- [Directions for this task]: Below are some records. Return exactly the lines from the one containing "BMW 320d xDrive Touring Steptronic-image-8" through the one containing "6 Egmont Place, Westbrook, Palmerston", both included, and only those.

──────────────────────────────

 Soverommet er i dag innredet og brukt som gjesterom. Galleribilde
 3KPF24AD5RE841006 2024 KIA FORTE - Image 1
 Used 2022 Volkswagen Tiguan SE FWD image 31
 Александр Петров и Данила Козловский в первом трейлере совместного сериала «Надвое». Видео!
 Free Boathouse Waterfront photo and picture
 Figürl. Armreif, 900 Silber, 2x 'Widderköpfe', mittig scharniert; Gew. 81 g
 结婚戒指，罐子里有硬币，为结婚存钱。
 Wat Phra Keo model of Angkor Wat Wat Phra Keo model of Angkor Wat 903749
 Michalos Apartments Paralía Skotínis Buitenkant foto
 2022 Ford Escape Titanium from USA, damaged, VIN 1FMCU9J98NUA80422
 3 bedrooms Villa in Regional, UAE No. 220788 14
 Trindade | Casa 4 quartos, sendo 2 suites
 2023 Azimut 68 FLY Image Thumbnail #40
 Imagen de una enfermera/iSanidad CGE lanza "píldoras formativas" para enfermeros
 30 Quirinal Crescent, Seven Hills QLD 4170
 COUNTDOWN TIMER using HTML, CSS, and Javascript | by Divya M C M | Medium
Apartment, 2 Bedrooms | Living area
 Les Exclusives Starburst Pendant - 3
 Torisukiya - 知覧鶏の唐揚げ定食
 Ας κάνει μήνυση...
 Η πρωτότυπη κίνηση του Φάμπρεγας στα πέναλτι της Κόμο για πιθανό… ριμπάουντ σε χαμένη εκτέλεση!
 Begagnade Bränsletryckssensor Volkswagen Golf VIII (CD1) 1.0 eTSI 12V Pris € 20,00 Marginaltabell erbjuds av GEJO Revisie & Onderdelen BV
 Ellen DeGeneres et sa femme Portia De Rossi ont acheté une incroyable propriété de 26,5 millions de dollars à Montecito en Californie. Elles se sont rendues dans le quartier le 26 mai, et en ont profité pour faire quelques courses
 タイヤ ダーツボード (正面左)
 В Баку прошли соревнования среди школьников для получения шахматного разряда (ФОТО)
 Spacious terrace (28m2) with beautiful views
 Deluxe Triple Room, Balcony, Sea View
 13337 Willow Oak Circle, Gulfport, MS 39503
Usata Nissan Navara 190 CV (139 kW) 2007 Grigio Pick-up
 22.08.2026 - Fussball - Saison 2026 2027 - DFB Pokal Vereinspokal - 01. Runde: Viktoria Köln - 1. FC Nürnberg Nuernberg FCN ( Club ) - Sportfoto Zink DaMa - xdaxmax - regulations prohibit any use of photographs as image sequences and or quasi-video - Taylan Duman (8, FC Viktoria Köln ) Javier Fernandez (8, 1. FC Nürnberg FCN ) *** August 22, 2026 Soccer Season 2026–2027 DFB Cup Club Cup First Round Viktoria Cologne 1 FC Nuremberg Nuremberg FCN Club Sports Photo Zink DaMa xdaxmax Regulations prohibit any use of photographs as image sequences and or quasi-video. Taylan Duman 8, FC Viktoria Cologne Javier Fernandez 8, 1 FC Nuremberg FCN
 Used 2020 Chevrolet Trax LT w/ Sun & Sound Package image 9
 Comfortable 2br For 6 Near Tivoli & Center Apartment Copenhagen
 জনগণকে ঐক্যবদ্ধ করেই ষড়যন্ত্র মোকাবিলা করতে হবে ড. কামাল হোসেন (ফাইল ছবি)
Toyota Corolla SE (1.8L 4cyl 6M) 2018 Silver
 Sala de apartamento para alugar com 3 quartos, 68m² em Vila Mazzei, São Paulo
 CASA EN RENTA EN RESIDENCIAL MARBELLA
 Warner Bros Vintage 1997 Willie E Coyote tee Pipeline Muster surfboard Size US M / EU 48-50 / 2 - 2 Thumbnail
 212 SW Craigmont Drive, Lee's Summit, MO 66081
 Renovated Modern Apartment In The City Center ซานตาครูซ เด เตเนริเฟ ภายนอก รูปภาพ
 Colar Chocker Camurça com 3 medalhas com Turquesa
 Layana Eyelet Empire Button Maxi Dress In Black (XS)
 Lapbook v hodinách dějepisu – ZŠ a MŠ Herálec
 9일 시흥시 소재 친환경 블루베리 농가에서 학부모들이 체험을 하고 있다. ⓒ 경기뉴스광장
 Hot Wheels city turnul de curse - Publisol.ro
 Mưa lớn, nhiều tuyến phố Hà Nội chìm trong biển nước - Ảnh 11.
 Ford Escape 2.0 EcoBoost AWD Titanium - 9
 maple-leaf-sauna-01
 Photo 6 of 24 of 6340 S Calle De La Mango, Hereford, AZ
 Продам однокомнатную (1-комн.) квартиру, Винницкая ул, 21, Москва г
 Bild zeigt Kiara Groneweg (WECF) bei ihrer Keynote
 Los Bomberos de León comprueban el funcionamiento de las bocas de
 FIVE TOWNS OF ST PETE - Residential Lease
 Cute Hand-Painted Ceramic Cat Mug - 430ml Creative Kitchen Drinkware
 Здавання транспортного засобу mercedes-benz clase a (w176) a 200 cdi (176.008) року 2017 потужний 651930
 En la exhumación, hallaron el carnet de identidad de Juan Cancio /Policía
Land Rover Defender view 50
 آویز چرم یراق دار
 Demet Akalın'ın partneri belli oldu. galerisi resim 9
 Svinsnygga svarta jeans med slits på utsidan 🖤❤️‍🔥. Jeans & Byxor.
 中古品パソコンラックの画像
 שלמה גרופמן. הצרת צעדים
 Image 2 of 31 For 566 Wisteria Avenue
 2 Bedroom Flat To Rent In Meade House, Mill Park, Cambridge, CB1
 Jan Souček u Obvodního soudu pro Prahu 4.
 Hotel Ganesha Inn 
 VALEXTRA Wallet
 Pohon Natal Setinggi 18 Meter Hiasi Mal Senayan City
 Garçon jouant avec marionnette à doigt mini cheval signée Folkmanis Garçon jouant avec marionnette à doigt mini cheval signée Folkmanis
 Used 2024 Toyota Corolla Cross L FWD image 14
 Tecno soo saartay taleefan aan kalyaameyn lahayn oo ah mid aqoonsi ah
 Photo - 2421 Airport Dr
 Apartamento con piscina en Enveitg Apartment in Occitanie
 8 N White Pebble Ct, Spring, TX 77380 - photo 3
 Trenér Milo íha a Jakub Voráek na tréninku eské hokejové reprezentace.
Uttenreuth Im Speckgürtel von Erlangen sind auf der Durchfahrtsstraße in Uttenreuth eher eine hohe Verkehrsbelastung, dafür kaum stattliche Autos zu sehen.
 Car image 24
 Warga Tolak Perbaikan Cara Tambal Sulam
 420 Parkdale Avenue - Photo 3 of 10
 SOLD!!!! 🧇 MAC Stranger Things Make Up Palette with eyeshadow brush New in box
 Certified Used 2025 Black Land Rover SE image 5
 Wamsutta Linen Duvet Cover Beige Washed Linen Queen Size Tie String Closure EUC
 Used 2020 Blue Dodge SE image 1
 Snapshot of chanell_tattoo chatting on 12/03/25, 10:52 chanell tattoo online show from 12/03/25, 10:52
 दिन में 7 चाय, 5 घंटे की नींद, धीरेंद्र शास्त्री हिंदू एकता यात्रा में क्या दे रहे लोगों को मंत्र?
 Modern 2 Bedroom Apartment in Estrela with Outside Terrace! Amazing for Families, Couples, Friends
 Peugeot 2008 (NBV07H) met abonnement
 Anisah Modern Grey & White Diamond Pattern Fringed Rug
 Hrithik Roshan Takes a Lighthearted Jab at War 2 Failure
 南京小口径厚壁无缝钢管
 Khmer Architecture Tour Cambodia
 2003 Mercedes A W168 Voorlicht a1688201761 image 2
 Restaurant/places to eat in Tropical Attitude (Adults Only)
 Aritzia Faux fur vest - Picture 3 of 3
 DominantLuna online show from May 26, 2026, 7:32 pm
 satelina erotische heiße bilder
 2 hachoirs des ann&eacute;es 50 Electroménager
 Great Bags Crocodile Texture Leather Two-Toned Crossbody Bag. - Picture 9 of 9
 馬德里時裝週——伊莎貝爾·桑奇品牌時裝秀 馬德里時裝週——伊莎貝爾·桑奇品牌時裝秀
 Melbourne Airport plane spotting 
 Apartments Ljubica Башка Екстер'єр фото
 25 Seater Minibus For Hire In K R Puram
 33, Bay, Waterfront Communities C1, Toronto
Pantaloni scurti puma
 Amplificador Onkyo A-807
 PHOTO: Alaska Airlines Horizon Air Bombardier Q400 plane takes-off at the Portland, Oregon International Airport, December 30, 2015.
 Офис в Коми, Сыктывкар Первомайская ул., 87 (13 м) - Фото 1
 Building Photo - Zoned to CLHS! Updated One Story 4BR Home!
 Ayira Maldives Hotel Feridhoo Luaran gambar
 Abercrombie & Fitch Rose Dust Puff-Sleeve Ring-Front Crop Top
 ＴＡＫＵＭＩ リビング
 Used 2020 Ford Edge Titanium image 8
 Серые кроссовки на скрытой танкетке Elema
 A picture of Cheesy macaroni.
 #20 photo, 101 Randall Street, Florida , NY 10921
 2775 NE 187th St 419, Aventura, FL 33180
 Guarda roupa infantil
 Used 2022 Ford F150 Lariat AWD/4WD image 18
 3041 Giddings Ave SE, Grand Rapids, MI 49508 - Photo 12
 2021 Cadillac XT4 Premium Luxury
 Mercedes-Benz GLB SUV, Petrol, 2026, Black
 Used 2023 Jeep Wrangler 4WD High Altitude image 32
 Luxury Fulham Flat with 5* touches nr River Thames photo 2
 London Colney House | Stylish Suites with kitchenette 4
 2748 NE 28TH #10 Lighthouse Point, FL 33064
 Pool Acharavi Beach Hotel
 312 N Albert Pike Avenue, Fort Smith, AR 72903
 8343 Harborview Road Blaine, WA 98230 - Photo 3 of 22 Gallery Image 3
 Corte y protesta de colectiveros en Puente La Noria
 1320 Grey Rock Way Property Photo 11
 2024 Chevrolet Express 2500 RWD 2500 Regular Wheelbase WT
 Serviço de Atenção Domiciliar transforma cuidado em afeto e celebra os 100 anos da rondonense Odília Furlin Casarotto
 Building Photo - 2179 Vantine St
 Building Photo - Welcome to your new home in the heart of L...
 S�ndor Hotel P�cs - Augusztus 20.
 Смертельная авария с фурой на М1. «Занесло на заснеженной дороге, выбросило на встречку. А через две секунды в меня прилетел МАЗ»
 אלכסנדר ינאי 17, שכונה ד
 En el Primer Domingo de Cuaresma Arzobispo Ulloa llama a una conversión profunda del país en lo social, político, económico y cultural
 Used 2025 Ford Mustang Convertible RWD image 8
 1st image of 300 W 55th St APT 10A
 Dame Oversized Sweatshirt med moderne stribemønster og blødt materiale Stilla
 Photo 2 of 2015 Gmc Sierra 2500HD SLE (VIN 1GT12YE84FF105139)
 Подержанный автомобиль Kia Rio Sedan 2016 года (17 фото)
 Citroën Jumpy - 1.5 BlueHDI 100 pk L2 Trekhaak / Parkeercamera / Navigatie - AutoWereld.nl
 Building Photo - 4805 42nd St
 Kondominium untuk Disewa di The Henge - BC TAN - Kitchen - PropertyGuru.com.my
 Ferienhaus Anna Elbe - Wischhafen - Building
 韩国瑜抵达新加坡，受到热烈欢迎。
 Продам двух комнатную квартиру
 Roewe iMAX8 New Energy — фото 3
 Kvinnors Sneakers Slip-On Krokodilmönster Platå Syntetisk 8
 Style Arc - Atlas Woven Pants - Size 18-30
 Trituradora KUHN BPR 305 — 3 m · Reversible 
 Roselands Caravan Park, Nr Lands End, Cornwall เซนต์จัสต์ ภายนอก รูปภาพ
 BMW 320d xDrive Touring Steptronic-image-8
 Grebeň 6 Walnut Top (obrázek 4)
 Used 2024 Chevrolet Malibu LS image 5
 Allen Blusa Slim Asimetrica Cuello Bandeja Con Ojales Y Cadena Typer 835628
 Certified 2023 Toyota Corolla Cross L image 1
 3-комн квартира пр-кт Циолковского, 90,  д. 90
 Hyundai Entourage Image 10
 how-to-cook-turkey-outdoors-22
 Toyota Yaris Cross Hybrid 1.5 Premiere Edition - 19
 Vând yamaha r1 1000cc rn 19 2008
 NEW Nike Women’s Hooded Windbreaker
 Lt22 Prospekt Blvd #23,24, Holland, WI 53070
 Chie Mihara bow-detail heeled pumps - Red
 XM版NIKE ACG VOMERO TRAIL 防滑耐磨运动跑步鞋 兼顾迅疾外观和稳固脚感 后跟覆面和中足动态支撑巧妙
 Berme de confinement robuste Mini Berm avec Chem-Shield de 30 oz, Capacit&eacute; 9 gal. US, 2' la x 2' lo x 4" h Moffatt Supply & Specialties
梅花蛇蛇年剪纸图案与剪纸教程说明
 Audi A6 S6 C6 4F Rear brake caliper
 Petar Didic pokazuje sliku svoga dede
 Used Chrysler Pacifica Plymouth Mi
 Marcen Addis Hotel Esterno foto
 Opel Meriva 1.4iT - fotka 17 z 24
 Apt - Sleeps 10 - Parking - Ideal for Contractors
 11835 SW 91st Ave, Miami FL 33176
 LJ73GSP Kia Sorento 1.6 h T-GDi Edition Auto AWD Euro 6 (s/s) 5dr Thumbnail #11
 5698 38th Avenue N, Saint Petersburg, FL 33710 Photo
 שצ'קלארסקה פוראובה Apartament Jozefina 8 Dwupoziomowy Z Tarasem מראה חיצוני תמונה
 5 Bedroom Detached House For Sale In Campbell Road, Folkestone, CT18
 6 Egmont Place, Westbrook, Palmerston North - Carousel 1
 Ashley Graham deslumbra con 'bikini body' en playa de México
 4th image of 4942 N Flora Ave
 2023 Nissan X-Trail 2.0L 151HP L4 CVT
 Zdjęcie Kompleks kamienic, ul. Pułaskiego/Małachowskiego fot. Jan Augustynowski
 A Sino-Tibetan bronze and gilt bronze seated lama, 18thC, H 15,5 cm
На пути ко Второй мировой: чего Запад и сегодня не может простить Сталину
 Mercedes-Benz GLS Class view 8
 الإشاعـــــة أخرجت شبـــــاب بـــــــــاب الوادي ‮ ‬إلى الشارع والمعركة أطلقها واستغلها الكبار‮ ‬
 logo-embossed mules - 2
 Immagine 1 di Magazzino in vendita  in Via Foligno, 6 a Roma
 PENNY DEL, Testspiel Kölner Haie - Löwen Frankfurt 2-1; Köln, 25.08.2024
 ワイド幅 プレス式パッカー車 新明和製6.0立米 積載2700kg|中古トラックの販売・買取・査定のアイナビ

──────────────────────────────

- [Expected answer]:
 BMW 320d xDrive Touring Steptronic-image-8
 Grebeň 6 Walnut Top (obrázek 4)
 Used 2024 Chevrolet Malibu LS image 5
 Allen Blusa Slim Asimetrica Cuello Bandeja Con Ojales Y Cadena Typer 835628
 Certified 2023 Toyota Corolla Cross L image 1
 3-комн квартира пр-кт Циолковского, 90,  д. 90
 Hyundai Entourage Image 10
 how-to-cook-turkey-outdoors-22
 Toyota Yaris Cross Hybrid 1.5 Premiere Edition - 19
 Vând yamaha r1 1000cc rn 19 2008
 NEW Nike Women’s Hooded Windbreaker
 Lt22 Prospekt Blvd #23,24, Holland, WI 53070
 Chie Mihara bow-detail heeled pumps - Red
 XM版NIKE ACG VOMERO TRAIL 防滑耐磨运动跑步鞋 兼顾迅疾外观和稳固脚感 后跟覆面和中足动态支撑巧妙
 Berme de confinement robuste Mini Berm avec Chem-Shield de 30 oz, Capacit&eacute; 9 gal. US, 2' la x 2' lo x 4" h Moffatt Supply & Specialties
梅花蛇蛇年剪纸图案与剪纸教程说明
 Audi A6 S6 C6 4F Rear brake caliper
 Petar Didic pokazuje sliku svoga dede
 Used Chrysler Pacifica Plymouth Mi
 Marcen Addis Hotel Esterno foto
 Opel Meriva 1.4iT - fotka 17 z 24
 Apt - Sleeps 10 - Parking - Ideal for Contractors
 11835 SW 91st Ave, Miami FL 33176
 LJ73GSP Kia Sorento 1.6 h T-GDi Edition Auto AWD Euro 6 (s/s) 5dr Thumbnail #11
 5698 38th Avenue N, Saint Petersburg, FL 33710 Photo
 שצ'קלארסקה פוראובה Apartament Jozefina 8 Dwupoziomowy Z Tarasem מראה חיצוני תמונה
 5 Bedroom Detached House For Sale In Campbell Road, Folkestone, CT18
 6 Egmont Place, Westbrook, Palmerston North - Carousel 1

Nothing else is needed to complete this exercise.